◆ Exercise objective ◆
Beginning with the line containing "Toyota VOXY 2018-11 244942-6" and ending with the line containing "Thermo Electron Corporation", write out each line of the records below exactly; pictures and lines outside that range are left out.

◆ Provided data ◆
-- Opening Marker --

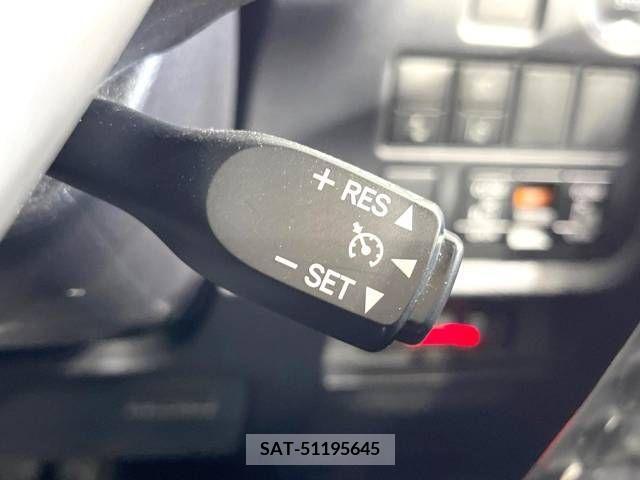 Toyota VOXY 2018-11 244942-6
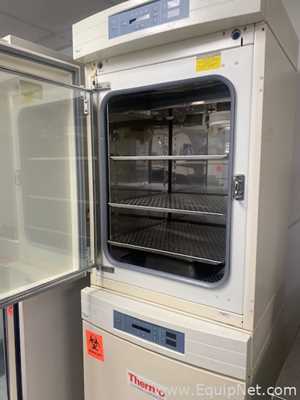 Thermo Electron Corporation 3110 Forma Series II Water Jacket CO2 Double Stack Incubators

-- Closing Marker --
-- Opening Marker --

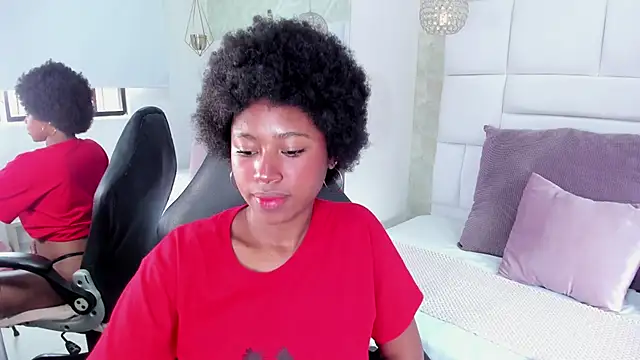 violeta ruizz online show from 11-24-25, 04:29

-- Closing Marker --

◆ Solution below ◆
 Toyota VOXY 2018-11 244942-6
 Thermo Electron Corporation 3110 Forma Series II Water Jacket CO2 Double Stack Incubators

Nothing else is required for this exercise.